Day 3

The pain keeps creeping back. It hurts like hell and there are times when I just want to rip my heart out. It’s happening. The pain, the bad memories, the cruel words…Maybe it’s all in my head and I’ve been desperately trying to find ways to keep them from popping up in my head. Sometimes it works, sometimes it doesn’t, but it’s like a constant battle.

I never wanted to be this person: to distrust my boyfriend and find out what he is up to every minute of the day. It’s just so exhausting, but past experiences gave me no choice but to find out if he really would do one thing but tell me another. It’s a painful realization. It’s a shitty situation and for me to see him talk about his bad behavior as “reality”, it’s just like putting salt on a wound.

Maybe the nasty side of him is something that I didn’t want to see and he conveniently hid it from me so he could project the version that I wanted — because he knew if I saw that this is how he really is — the fact that he wants to go to strip clubs and the fact that he wants to flirt with women.
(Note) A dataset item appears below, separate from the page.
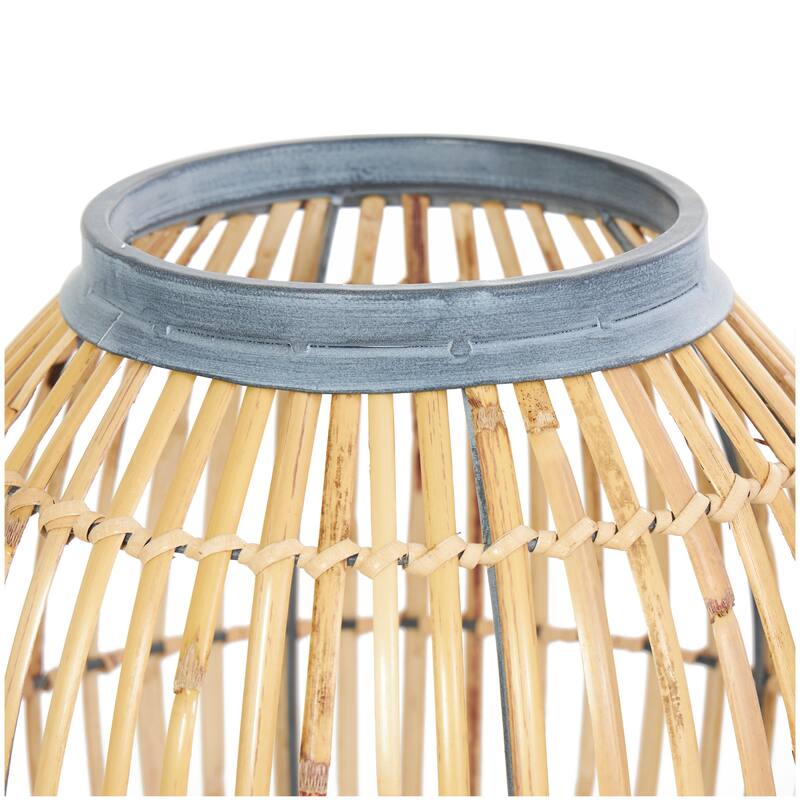 Brown Bamboo Wood Handmade Open Frame Decorative Vase with Blue Metal Accents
And he thought he would paint this nice picture for us and I would buy into this as someone that I could love. Whenever something like this happens, his only defense would be the fact that he didn’t actually fuck someone or that he doesn’t do it that often (“rarely”). As if that would make it all ok and the fact that I wanted to know if a sin in itself.
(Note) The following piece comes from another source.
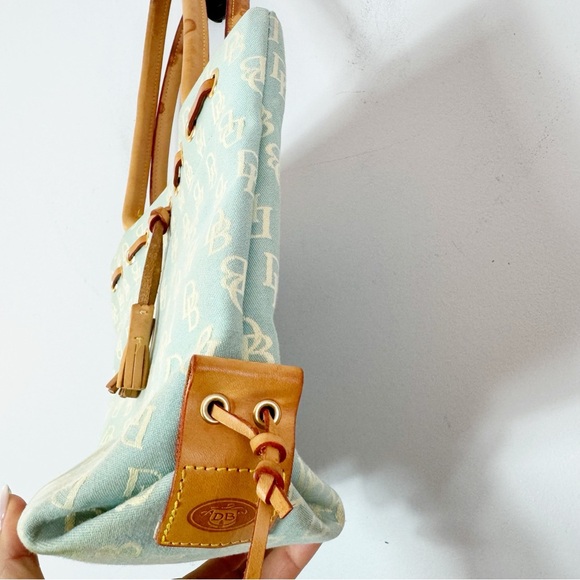 Dooney & Bourke Vintage Blue Cream Signature Fabric Shoulder Bag Canvas Leather - Picture 5 of 16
He keeps telling me it would have been ok for us to not be in a relationship, because he could just live with the friendship. That’s just a lot of BS because he never understood how I am in love in with him and he just treats our relationship like another line item in a contract — strike it out because this doesn’t work but we can still keep the deal going.

Bottomline is now that I realize this is how he is, he is not attractive to me anymore and that I am not sure if I would even want to have a friend like this.

Now I just need to work on accepting this fact and figure out step-by-step how to move on with my life and build a reality that I want and hopefully meet someone who is devoted and truthful to me — without me asking but because he wants to. Then to have to do the opposite of it — asking someone to be faithful and checking to see if someone is faithful — it’s just shitty. I cringe whenever I think about it. And he turned me into this person which makes me cringe even more.

I need to figure out how to build this life that I want, but I am hitting writers’ block and don’t know where to start…

..I will run and see if I can get a clear head to figure it out…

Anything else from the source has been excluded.